This was a long-awaited release.
Here are the main new features with pointers to get started in using them:
Dynamic dataset
This feature enables new training approaches by removing the preprocessing step. You can now store all the training data in a directory and define patterns to match filenames to be used during the training. The training will randomly sample sentences according to the weight assigned to each pattern and tokenizes them on-the-fly.
This allows both working with a larger training set and fine-tuning the domains distribution of the selected examples.
More information can be found in the documentation.
New tokenization features
As tokenization can now be applied on-the-fly, more features are needed to cover some specific use cases:
- New special characters to prevent the tokenization of blocks.

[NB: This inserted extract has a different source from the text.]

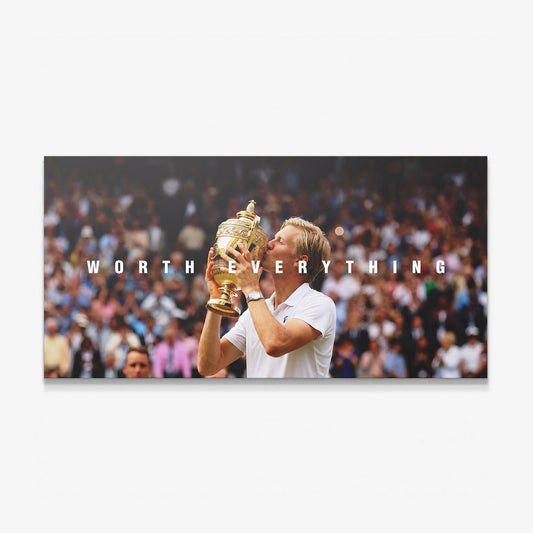 Worth Everything Trophy tennis canvas wall art print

- The tokenization is now able to call external normalization scripts.
Advanced decoding
Some new decoding techniques have been added:
- The inference now support the shallow fusion of language model. The feature is for example used to replicate the “Listen, Attend and Spell” paper.
- The beam search now has new options to constrain its search lexically. This could be useful when working with placeholders that must appear on the target.
Multi-model REST server
This new server supports serving translation from multiple models to cover more advanced use cases. See the related documentation for more details.
New retraining behavior
Keeping the same vocabularies was a requirement to re-train a model (e.g. for domain adaptation). A new option -update_vocab
now relaxes this constraint and offer some policies to update the vocabularies used in the initial training with the ones defines by the new dataset.
Fixes and improvements
As usual, this release comes with bugfix and improvements. See the changelog below for a complete list.
Thanks to contributors, bug reporters, and people testing and giving feedback. If you find a bug introduced in this release, please report it.